Published on January 5th, 2009

Just a thought. If you’re one of those lumbering corporations locked into IE6 through software or IT lock-in or even by the personal choice of a managing director - do you have an IE6 exit strategy? Seriously, it doesn’t matter how many times you say that you’re locked into IE6 the finite life of a browser is a business reality you need to contend with… unless you’re saying in 5 years, 10 years, 20 years you’re going to be running IE6. No, didn’t think so. You need an exit strategy.

Apparently Google are suggesting GMail users move away from IE6 as an unsupported browser to either Firefox or Chrome. IE6 was released on August 12, 2001. End of story.

What businesses need to understand is that this issue will not perpetually disappear behind the argument that this is too expensive to deal with, or because it’s difficult. Yes you’re locked into IE6, but that’s because you made an understandable business error that had a relatively short term view. How were you to know IE6 would become an industry bugbear and other vendors would take over that market space.

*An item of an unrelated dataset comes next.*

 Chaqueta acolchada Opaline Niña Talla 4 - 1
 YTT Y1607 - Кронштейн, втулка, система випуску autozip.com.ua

Yes IE6 is still large on the browser stats of most websites - but it’s going to fail more often and more significantly and eventually it’ll be like hearing about a business still running Netscape 4.7. First shock, then laughter.

My advice for organisations at the beginning of 2009 - sit down and discuss the white elephant. Figure out your IE6 exit strategy. If it’s not this year, will it be next? Or the year after? How will you extricate yourself from your proprietary IE6 software solutions? Time to earn the big dollars, right?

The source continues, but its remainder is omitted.